All of lore.kernel.org
 help / color / mirror / Atom feed
* [v1 5/6] sparc64: new context wrap
@ 2017-05-31 15:25 Pavel Tatashin
  2017-06-05  2:01 ` David Miller
                   ` (4 more replies)
  0 siblings, 5 replies; 6+ messages in thread
From: Pavel Tatashin @ 2017-05-31 15:25 UTC (permalink / raw)
  To: sparclinux

The current wrap implementation has a race issue: it is called outside of
the ctx_alloc_lock, and also does not wait for all CPUs to complete the
wrap.  This means that a thread can get a new context with a new version
and another thread might still be running with the same context. The
problem is especially severe on CPUs with shared TLBs, like sun4v. I used
the following test to very quickly reproduce the problem:
- start over 8K processes (must be more than context IDs)
- write and read values at a  memory location in every process.
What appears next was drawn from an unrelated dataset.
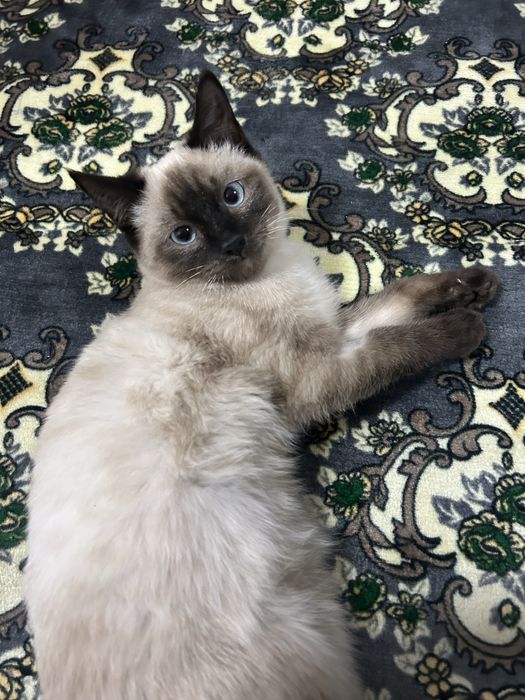 Siyamski 3 oyli ogil bola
Very quickly memory corruptions start happening, and what we read back
does not equal what we wrote.

Several approaches were explored before settling on this one:

Approach 1:
Move smp_new_mmu_context_version() inside ctx_alloc_lock, and wait for
every process to complete the wrap. (Note: every CPU must WAIT before
leaving smp_new_mmu_context_version_client() until every one arrives).
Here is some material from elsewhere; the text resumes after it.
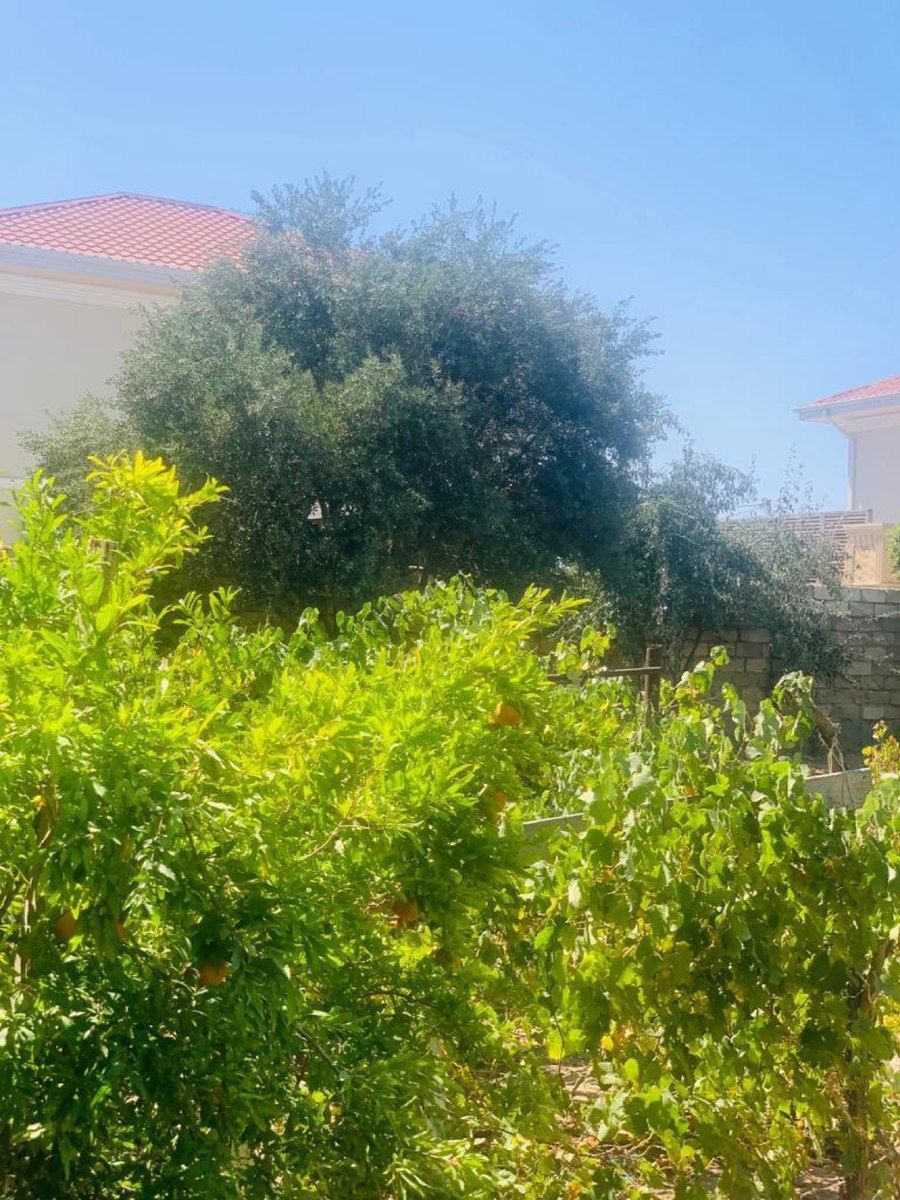 Bağ evi kirayə verilir, Mərdəkan qəs — Ev, villa, Bakı (7)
This approach ends up with deadlocks, as some threads own locks which other
threads are waiting for, and they never receive softint until these threads
exit smp_new_mmu_context_version_client(). Since we do not allow the exit,
deadlock happens.

Approach 2:
Handle wrap right during mondo interrupt. Use etrap/rtrap to enter into
into C code, and issue new versions to every CPU.
This approach adds some overhead to runtime: in switch_mm() we must add
some checks to make sure that versions have not changed due to wrap while
we were loading the new secondary context. (could be protected by PSTATE_IE
but that degrades performance as on M7 and older CPUs as it takes 50 cycles
for each access). Also, we still need a global per-cpu array of MMs to know
where we need to load new contexts, otherwise we can change context to a
thread that is going way (if we received mondo between switch_mm() and
switch_to() time). Finally, there are some issues with window registers in
rtrap() when context IDs are changed during CPU mondo time.
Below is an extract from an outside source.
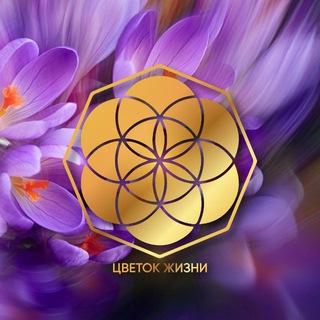 Медитации онлайн Цветок Жизни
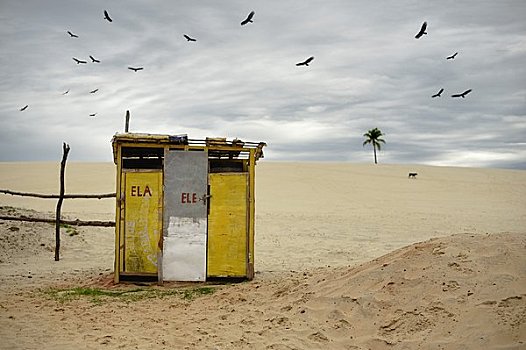 卫生间,小屋,紧张,沙丘,里奥格兰德,巴西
The approach in this patch is the simplest and has almost no impact on
runtime.  We use the array with mm's where last secondary contexts were
loaded onto CPUs and bump their versions to the new generation without
changing context IDs. If a new process comes in to get a context ID, it
will go through get_new_mmu_context() because of version mismatch. But the
running processes do not need to be interrupted. And wrap is quicker as we
do not need to xcall and wait for everyone to receive and complete wrap.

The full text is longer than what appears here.